## Problem statement:
Take the lines below beginning at the line that has "My character has" and stopping after the line that has "Indiana Pacers Tyrese Haliburton Gold Jersey", and print them exactly as they are, with no other lines.

## Provided data:
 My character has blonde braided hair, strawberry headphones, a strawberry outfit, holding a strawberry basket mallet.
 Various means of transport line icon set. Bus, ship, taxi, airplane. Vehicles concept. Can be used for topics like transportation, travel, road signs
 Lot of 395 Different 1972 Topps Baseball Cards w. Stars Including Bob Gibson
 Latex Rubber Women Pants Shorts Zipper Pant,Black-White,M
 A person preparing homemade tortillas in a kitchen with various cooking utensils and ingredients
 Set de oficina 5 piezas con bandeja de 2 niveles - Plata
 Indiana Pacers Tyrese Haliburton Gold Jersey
* * *
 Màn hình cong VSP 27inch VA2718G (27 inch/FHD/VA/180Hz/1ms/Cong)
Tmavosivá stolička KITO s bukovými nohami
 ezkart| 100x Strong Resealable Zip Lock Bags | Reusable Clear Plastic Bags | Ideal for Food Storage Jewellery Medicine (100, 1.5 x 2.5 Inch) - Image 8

## Solution for this exercise:
 My character has blonde braided hair, strawberry headphones, a strawberry outfit, holding a strawberry basket mallet.
 Various means of transport line icon set. Bus, ship, taxi, airplane. Vehicles concept. Can be used for topics like transportation, travel, road signs
 Lot of 395 Different 1972 Topps Baseball Cards w. Stars Including Bob Gibson
 Latex Rubber Women Pants Shorts Zipper Pant,Black-White,M
 A person preparing homemade tortillas in a kitchen with various cooking utensils and ingredients
 Set de oficina 5 piezas con bandeja de 2 niveles - Plata
 Indiana Pacers Tyrese Haliburton Gold Jersey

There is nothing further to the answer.